Keeping baby safe is a priority for parents. Check out one easy way to do so. Here are tips on how to create your own first aid kit for babies.
How to Create Your Own First Aid Kit for Babies
For parents, especially first-timers, seeing your baby get hurt sets off all sorts of alarm bells in your head. Even if you’re sleep-deprived, you’ll be able to muster the strength to panic and rush off to the hospital. Although it’s admirable to display such zeal in taking care of your baby, you may want to calm down and effectively administer first aid to your child. Here’s what you’re going to need when taking care of your baby at home when they’re feeling a little under the weather:
When you suspect your baby might be getting down with a fever, your first reaction would be to check their temperature. It can be a challenge to get their temperature, especially when they’re not feeling well so non-contact smart thermometers are a great option. A thermometer that can give quick accurate reads will make your life easier.
2. Acetaminophen for Infant
When your baby’s cries sound like a cry of pain due to an illness or fever, giving them acetaminophen for some relief might be the best course. But before you stock your first aid kit with this medication, consult with your child’s pediatrician. They’ll be able to advise you of the right amount of dosage, as it varies with the child’s age and other conditions. The child’s weight is also a factor in giving them a safe dosage up to two or three years of age.
3. Oral Diphenhydramine
Generally, medications that contain an antihistamine called, diphenhydramine, are not suitable for infants below two years of age. The U.S. Food and Drug Administration (FDA) warns the public that cold or cough medicine that has this ingredient could prove fatal to very young children as it could lead to convulsions and elevated heart rate. There are, however, products made for children and with proper guidance from your pediatrician (and in small doses) could prove useful as part of your first aid kit.
4. Medicine Dropper
Although many children’s medicine already includes their own medicine dropper, it’s always better to have a spare. It’s also useful if you want to make sure you’re administering the right dosage.

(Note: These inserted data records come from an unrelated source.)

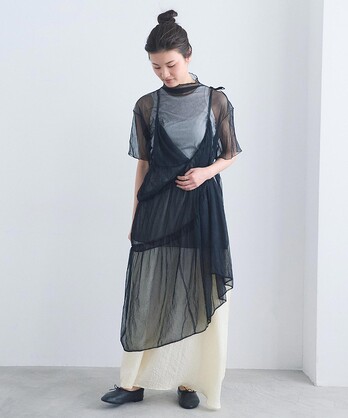 TISSUE SKIRT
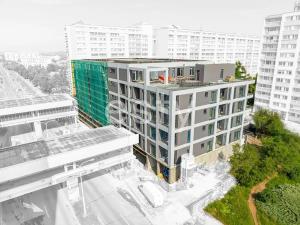 Prodej bytu 2+kk, Praha - Bohnice, Lodžská, 68 m2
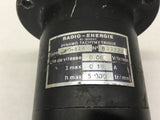 Radio Energie REO 444 Dynamo Tachymetrique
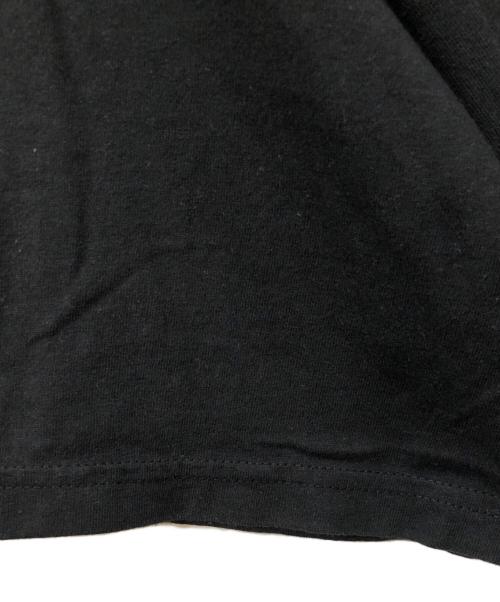 SUPREME（シュプリーム）Supreme (シュプリーム) smoke tee ブラック サイズ:XLの古着・服飾アイテム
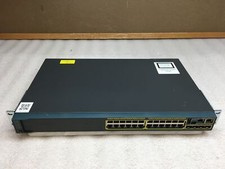Cisco Catalyst 2960-S Series WS-C2960S-24TS-L...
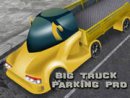 Big Truck Parking Pro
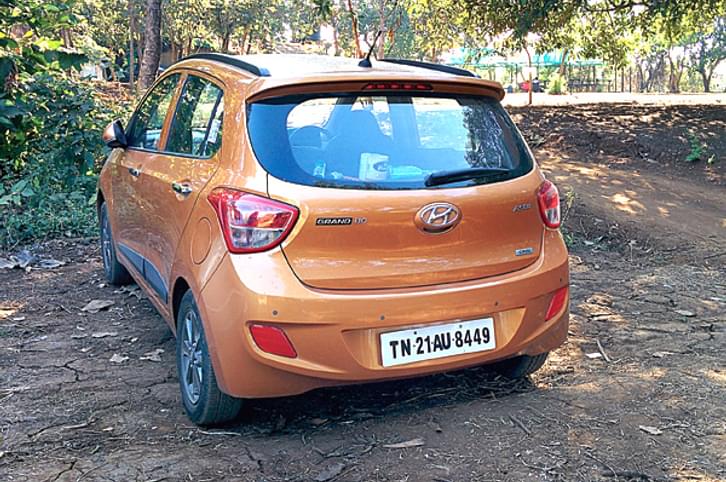 Hyundai Grand i10 long term review second report Hyundai Grand i10 long term review second report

5. Dressing For Wounds or Cuts
Babies can scratch themselves with their nails or if they get hold of something and hurt themselves with it. Make sure your kit has an ample supply of soft bandages, cotton balls, and other wound dressings. This includes small blunt scissors and nail clippers. A kiss would help make them feel better but proper sanitation is more important.
6. Alcohol and Sanitizing Wipes
Before you use your tools like scissors, nail clippers, or even the medicine dropper, you have to make sure that they’re clean and sanitized. Your kit would have been stored away on a corner for weeks on end, and it’s always to lean on the side of caution and sanitize your tools before you use them.
7. Saline Drops and Nasal Aspirators
Sometimes your children would cry because they’re having a hard time breathing because of some blockage in their sinuses. Since they don’t know yet how to blow their nose or spit out mucus, it’s your job to help them clear their sinuses. Many parents have found nasal aspirators and saline drops to be very useful since it’s fairly easy for babies to catch a cold and it can be very bothersome for them.
There are still others that you may want to add to this list but this pretty much covers the common situations you’ll encounter with your infant child. Also, even if you haven’t used some of the items in your kit, it’s always advisable to update them every six months.